Ms. Shaughnessy took immense pride in her large family, which numbers more than 50, including children, grandchildren, great grandchildren and spouses. “All my life, I wanted a big family,” she said in the 2020 interview. “I had to reach the conclusion that I would never have the clothes that my friends had. I would never have the beautiful homes that they had. I would never have the new cars. I just wouldn’t have those things but in my mind: Who cares? It turns out, I had everything I wanted.”

She is survived by her eight children, Suzanne (Shaughnessy) and her husband, Steven Hansmire, of East Sandwich, Mass.; Catherine Shaughnessy of West Bloomfield; James Shaughnessy and his wife, Margie (Benesh), of Diablo, Calif.; Thomas Shaughnessy and his wife, Catherine (Caya), of West Bloomfield; Richard Shaughnessy and his wife, Sylvia (Lewellyn), of Coronado, Calif.; Maureen (Shaughnessy) and her husband, Jon Merchant, of Farmington Hills; Daniel Shaughnessy and his wife, Mary (Soper), of West Bloomfield; and Patrick Shaughnessy and his wife, Karen (Smith), of Farmington Hills.

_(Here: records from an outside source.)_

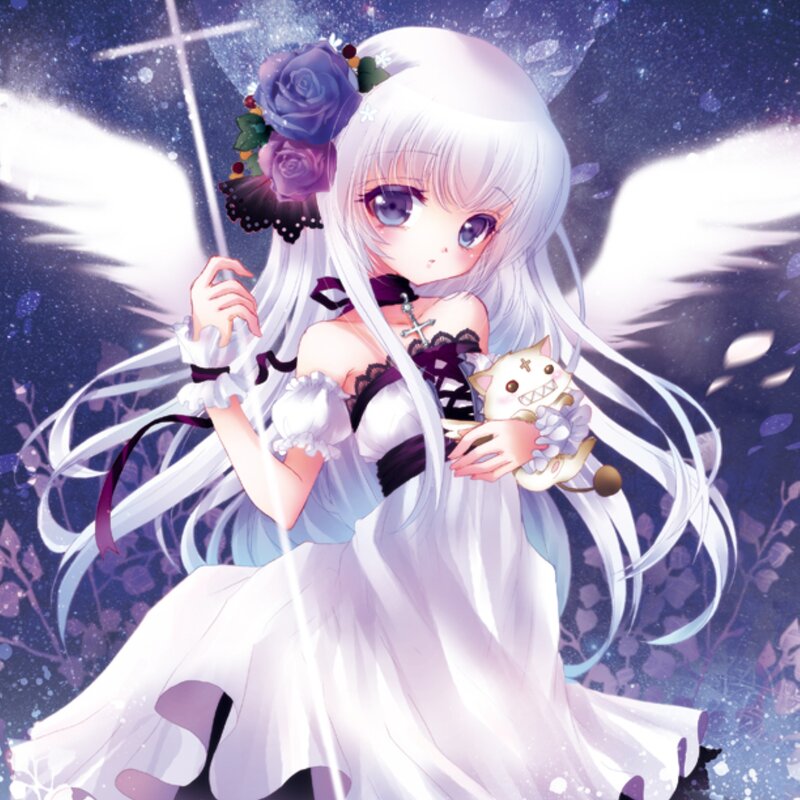 Anime Girl with Wings — White, Serene, Night, Digital Art, Doll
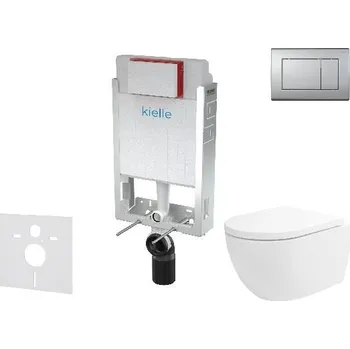 WC sada kielle Set předstěnové instalace, klozetu Oudee Vortex, sedátka softclose a tlačítka Gemini III, matný chrom - 30505SZ77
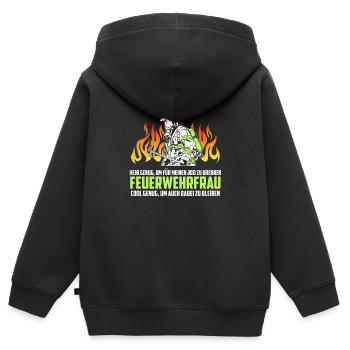 Feuerwehrfrau Feuerwehr - Kinder Premium Organic Zip Hoodie - Schwarz - Hinten - AI Model Kid Male (0cm)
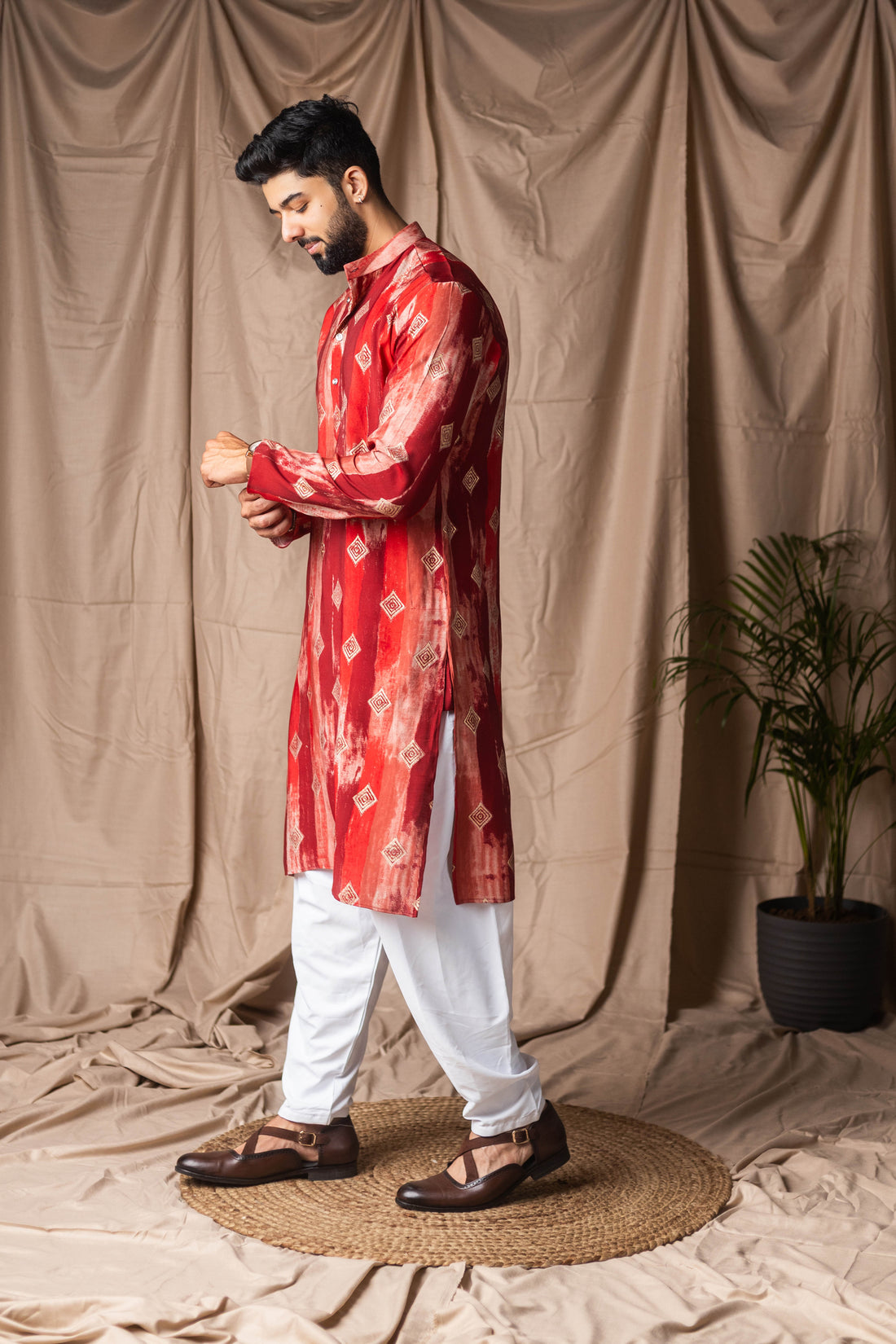 Red Tie Dye Abstract Print Kurta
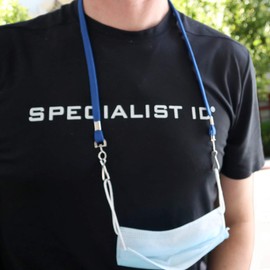 2 Pack - Face Mask Lanyard with Safety Breakaway - Adult Size Length w/Quick Release Break Away Clasp - Double Ended Holder, Hanger & Ear Saver w J Clips - Great for Teachers by Specialist ID (Blue)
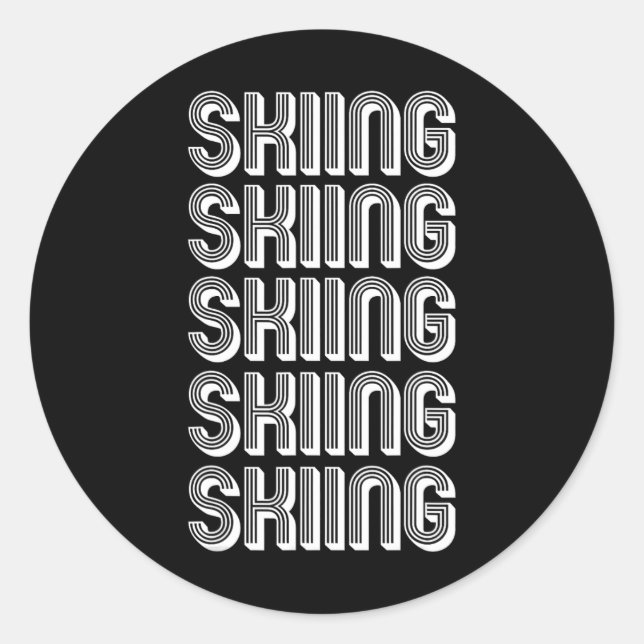 Skiing Lover _1  Classic Round Sticker (Front)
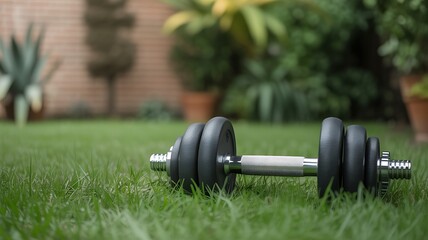 Dumbbell set resting on fresh green grass in backyard garden, fitness equipment for healthy lifestyle, outdoor workout and exercise concept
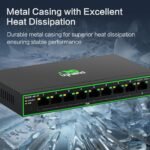 InHand ES220-8P-1T 9-Port High-Power PoE+ Unmanaged Switch | 8 PoE Ports with 120W Total Output | Fanless Metal Case for High-Density CCTV & AP Deployment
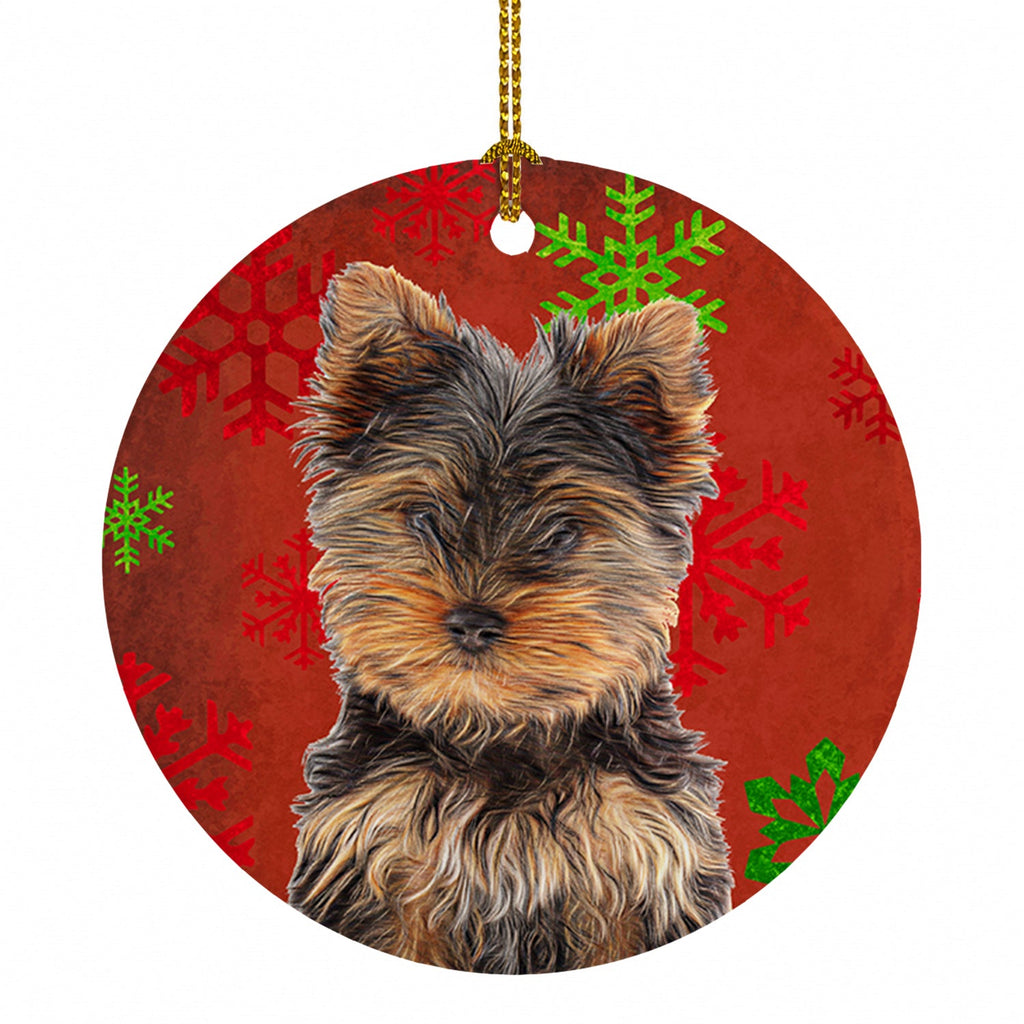 Red Snowflakes Holiday Christmas Yorkie Puppy / Yorkshire Terrier Ceramic Ornament Christmas Tree Hanging Decorations for Home Christmas Holiday, Party, Gift, 3 in, Multicolor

She is also survived by 17 grandchildren, Olivia (Hansmire) and her husband, Paul Potter, of Bethesda, Md.; Max Hansmire and his wife, Beth (Laverdiere), of Hingham, Mass.; Tyler Hansmire and his wife, Sara (Gordon), of New York; James Shaughnessy and his fiancée Lauren Wilmot of San Francisco, Robert Shaughnessy and his wife, Diana (Marques), of London, England; Anne Shaughnessy and her husband, Robert McFarlane, of Brooklyn, NY; Caitlin Shaughnessy and her fiancé Chris DeNunzio of New York; Nina (Shaughnessy) and her husband, Russ Gaubatz, of Yorba Linda, Calif.; Maria Shaughnessy of Winter Park, Fla.; Adam Shaughnessy of Detroit; Colleen (Shaughnessy) and her husband, Jeremy Werner, of Chicago; Daniel Shaughnessy of Coronado, Calif.; Keelin Shaughnessy of Brooklyn, NY; Jeffrey Merchant and his wife, Veronika (Vidlak), of Steamboat Springs, Colo.; Mallerie Merchant of Royal Oak; Timothy Shaughnessy of Marquette; and Kelly Shaughnessy of Marquette; and 18 great grandchildren.

Ms. Shaughnessy was preceded in death by her husband, James Alfred Shaughnessy, of West Bloomfield; her sister, Alice Jane (Bigelow) Keats, of San Leandro, Calif.; and her brother, Roderick Bigelow of Flushing, Mich. She was lovingly cared for in hospice by Interim Health Care of Novi, Michigan and in particular by home health aides Barb, Deb, Heather and Katherine.

Arrangements for a memorial service are pending. Donations, in lieu of flowers, may be made to your favorite children’s charity.